Saturday, May 26, 2012

"Good Times Never Seemed So Good"

This past week has been a lot of ups and downs in the Weiss household.  For me, personally, I am trying to find balance and contentment.  I really love all the components of our life: I love my job and I enjoy working, I am grateful for a home that isn't burdensome on our wallet each month, an amazing daughter who I just can't get enough of, two reliable cars that also don't burn a whole in our pocket (although I think we did just put $400 into the Impala...came out from work at 1am last week with a flat tire--rim touching cement--turns out the alignment was WAY off and tires that had 20k miles left on them needed to be replaced...but we don't need to talk about how frightening that was), sunny weather (it's HOT here), lots to do with Disney just down the road, etc, etc.  BUT, the kicker for me is that although each component of our life is great, somehow it doesn't all work together the way I wished it did.  But that's where I need to be content.  I want to love the stage that we are in...someday I will likely look back on this time of our lives and wish I could come back.  I just find myself yearning for the normalcy that so many families have.  It's been two years since we had a weekend off (not including vacations) and two years since we've had a holiday off (minus Easter this year).  I know there are plenty of families who are in the same boat as us year after year, but not the families I grew up surrounded by.  It's tough not being able to have outings with other families on a Saturday afternoon, and especially hard to go to church alone each week.  Sometimes I just don't go because it makes me too sad.  It's always been hard going 3 days without seeing Brian, and each week I wish we had a few more evenings together.  I wish we could put Carly to bed at 8pm like normal families and have an hour to spend as a couple, but if we did that we would be sabotaging my ability to perform at a level I need to at work (because let's face it, she can't get up everyday at 5am when I don't got to sleep until 2am).  Contentment.  I'm working on it.

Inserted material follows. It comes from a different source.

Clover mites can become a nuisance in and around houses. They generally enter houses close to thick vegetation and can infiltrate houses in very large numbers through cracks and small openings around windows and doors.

Miss Carly has also had kind of a crazy week.  I measured her this morning and she is 25 inches long and 12 pounds (although I'm probably not as accurate as the doctor)!  Goodbye to more clothes!  She has been a tough cookie this week.  Nap time isn't going near as smoothly as it did last week.  She is fighting and screaming every time we lay her down.  What's the deal, hunny?!  For 3 weeks she went down like a champ and now she decides she doesn't want to?  Also...the 10 hour nights have gone bye-bye for the time being.  I know they will come back, but the last 3 nights have only been 8 hour nights.  Bummer.  We have increased the amount of milk we give her before bedtime but that doesn't seem to make a difference.  Being the parent of a newborn is so much trial and error!  Another change is that all of a sudden she is fine in the car.  Every time we've been in the car this week (which as been a lot) she has fallen asleep before we even get onto the interstate.  I just don't get it.  The other thing that has thrown us off is her ability to be smiling one second and burst into tears the next.  It's a new cry...not tired, not hungry, not a bored whine.  We think it just means that she is tired of looking at us and needs some time alone.  Still, though, its weird.  So this week has been a bit frustrating but that's part of having a baby.  I'm sure next week we will settle into a new phase and run with that for a few weeks until she changes it again.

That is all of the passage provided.